RAW DATA
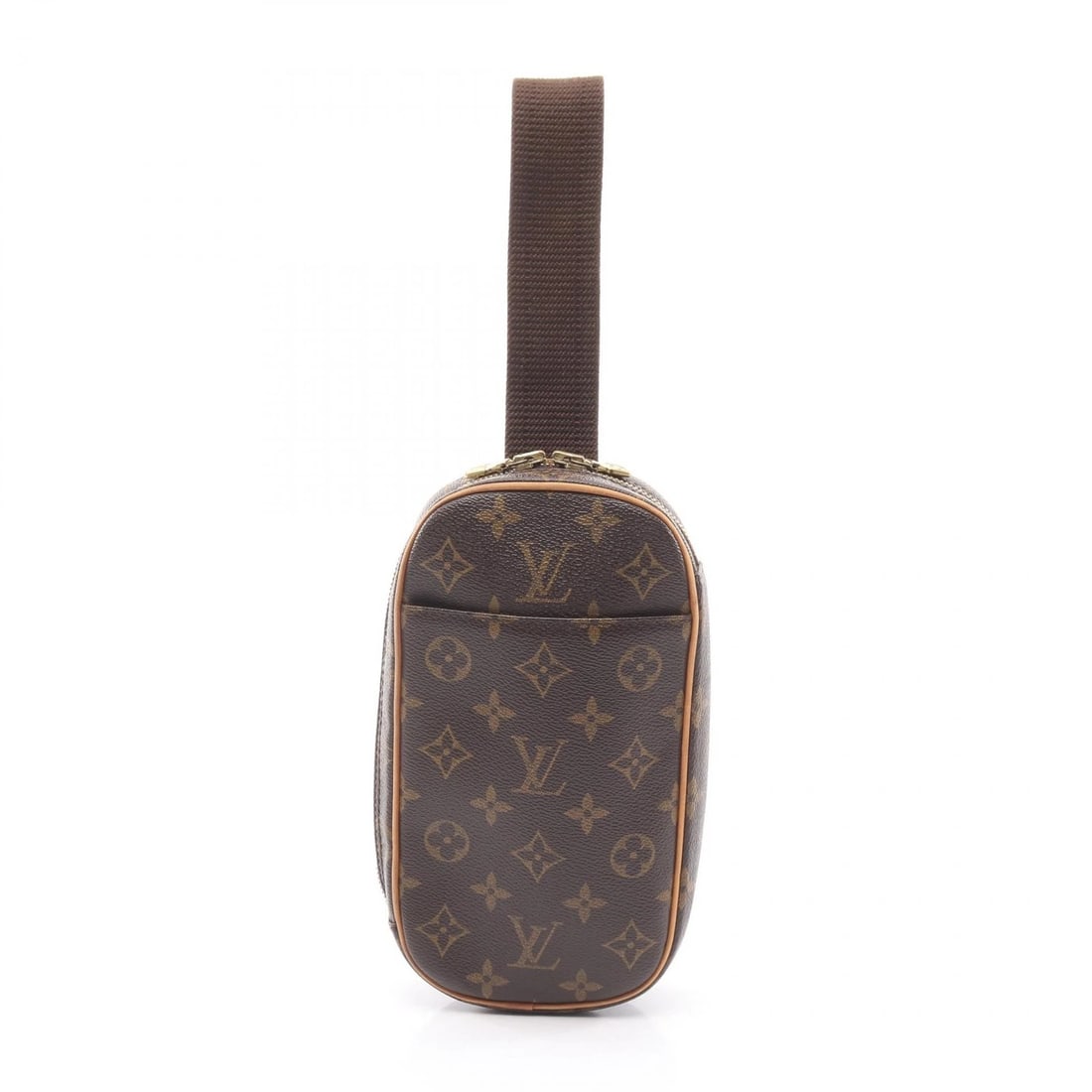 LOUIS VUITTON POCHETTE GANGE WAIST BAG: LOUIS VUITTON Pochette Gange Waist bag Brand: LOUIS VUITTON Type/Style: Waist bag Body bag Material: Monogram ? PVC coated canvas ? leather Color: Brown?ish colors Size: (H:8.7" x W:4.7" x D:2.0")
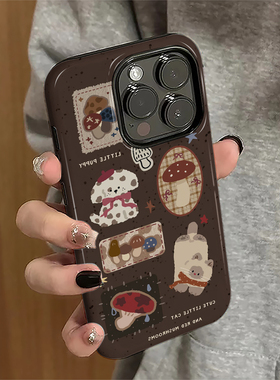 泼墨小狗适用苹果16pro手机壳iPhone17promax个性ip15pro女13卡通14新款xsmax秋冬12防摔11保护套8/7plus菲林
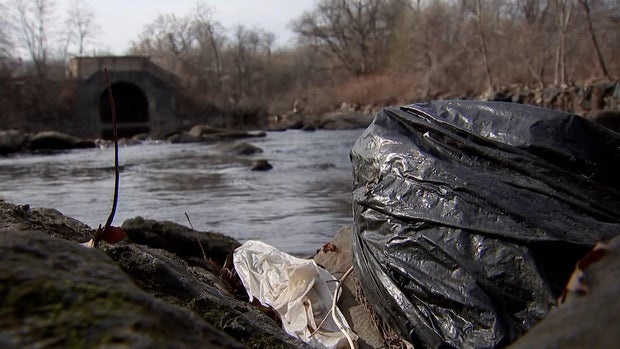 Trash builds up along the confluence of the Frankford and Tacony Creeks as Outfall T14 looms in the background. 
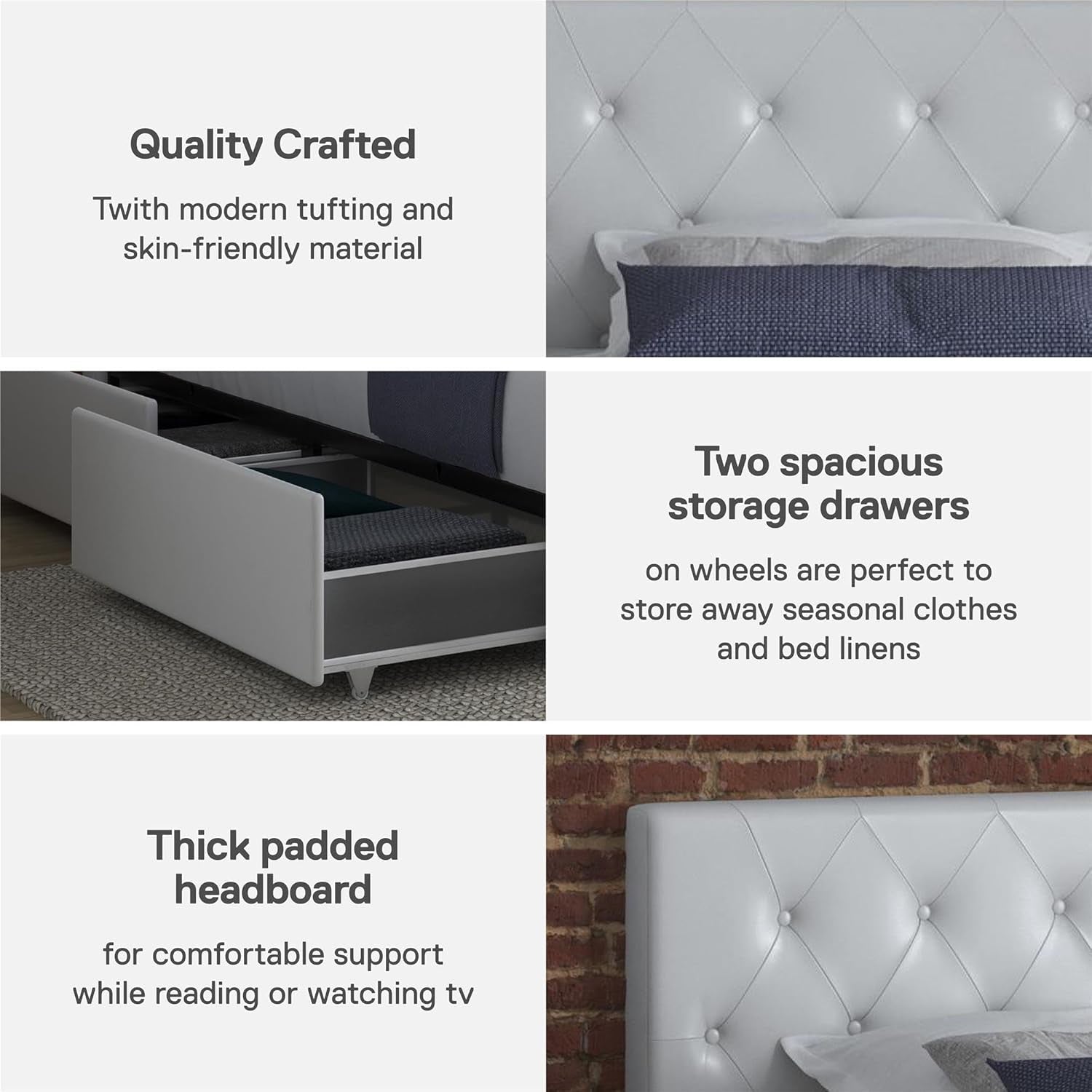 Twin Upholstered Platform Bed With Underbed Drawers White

TASK PROMPT
Copy every line above word for word and exclude the pictures.

TASK OUTPUT
 LOUIS VUITTON POCHETTE GANGE WAIST BAG: LOUIS VUITTON Pochette Gange Waist bag Brand: LOUIS VUITTON Type/Style: Waist bag Body bag Material: Monogram ? PVC coated canvas ? leather Color: Brown?ish colors Size: (H:8.7" x W:4.7" x D:2.0")
 泼墨小狗适用苹果16pro手机壳iPhone17promax个性ip15pro女13卡通14新款xsmax秋冬12防摔11保护套8/7plus菲林
 Trash builds up along the confluence of the Frankford and Tacony Creeks as Outfall T14 looms in the background. 
 Twin Upholstered Platform Bed With Underbed Drawers White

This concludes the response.